## [Work order]
Once you find the line with "Door hook without drilling" in the listing below, please repeat it and every later line exactly, through the last one, without pictures.

## [Source material]
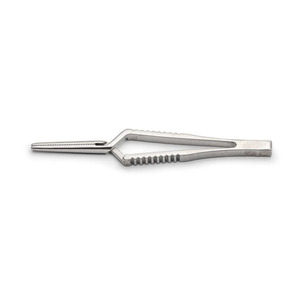 Pince à bouledogue en acier inoxydable pour l'occlusion chirurgicale des vaisseaux, certifiée CE, instrument manuel de classe I - Product Image 3
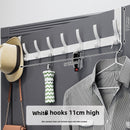 Door hook without drilling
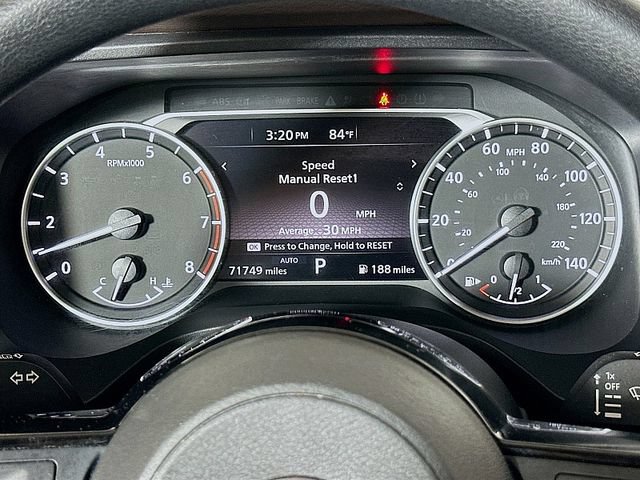 Used 2023 Nissan Rogue SV AWD/4WD image 13
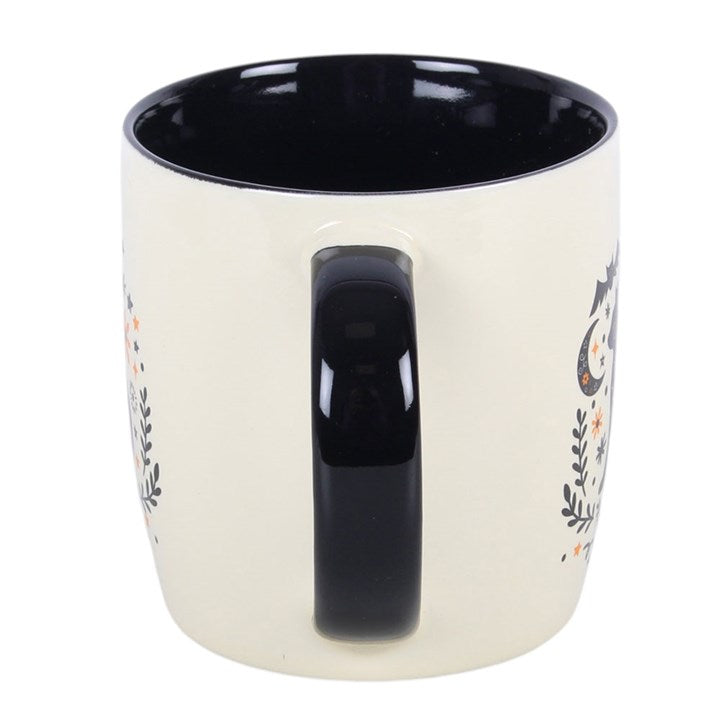 Frightful Folk Cat Mug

## [Response box]
 Door hook without drilling
 Used 2023 Nissan Rogue SV AWD/4WD image 13
 Frightful Folk Cat Mug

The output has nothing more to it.